Chapter 1. SQL Crash Course
This short chapter is intended to quickly get you up to speed on basic SQL terminology and concepts.
What Is a Database?
Let’s start with the basics. A database is a place to store data in an organized way. There are many ways to organize data, and as a result, there are many databases to choose from. The two categories that databases fall into are SQL and NoSQL.
SQL
SQL is short for Structured Query Language. Imagine you have an app that remembers all of your friend’s birthdays. SQL is the most popular language you would use to talk to that app.
- English
-
“Hey app. When is my husband’s birthday?”
- SQL
-
SELECT * FROM birthdays WHERE person = 'husband';
SQL databases are often called relational databases because they are made up of relations, which are more commonly referred to as tables. Many tables connected to each other make up a database. Figure 1-1 shows a picture of a relation in a SQL database.
The main thing to note about SQL databases is that they require predefined schemas. You can think of a schema as the way that data in a database is organized or structured. Let’s say you’d like to create a table. Before loading any data into the table, the structure of the table must first be decided on, including things like what columns are in the table, whether those columns hold integer or decimal values, etc.
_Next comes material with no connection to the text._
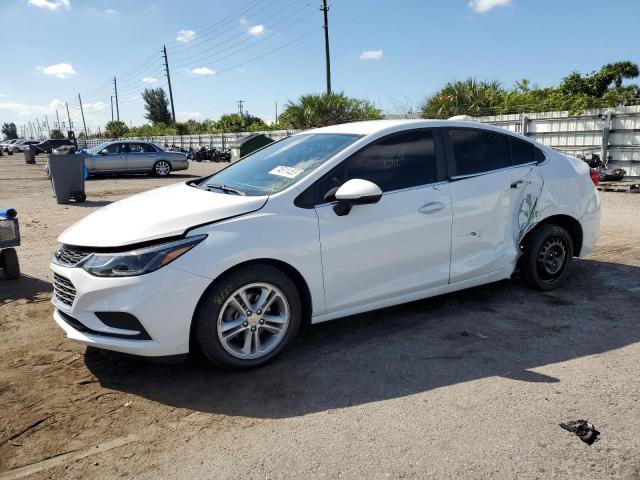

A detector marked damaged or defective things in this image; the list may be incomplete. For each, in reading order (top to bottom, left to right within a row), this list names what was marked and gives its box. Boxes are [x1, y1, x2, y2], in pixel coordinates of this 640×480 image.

damaged car door [448, 129, 544, 284]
There comes a time, though, when data cannot be organized in such a structured way. Your data may have varying fields or you may need a more effective way of storing and accessing a large amount of data. That’s where NoSQL comes in.
NoSQL
NoSQL stands for not only SQL. It will not be covered in detail in this book, but I wanted to point it out because the term has grown a lot in popularity since the 2010s and it’s important to understand there are ways to store data beyond just tables.
NoSQL databases are often referred to as non-relational databases, and they come in all shapes and sizes. Their main characteristics are that they have dynamic schemas (meaning the schema doesn’t have to be locked in up front) and they allow for horizontal scaling (meaning the data can spread across multiple machines).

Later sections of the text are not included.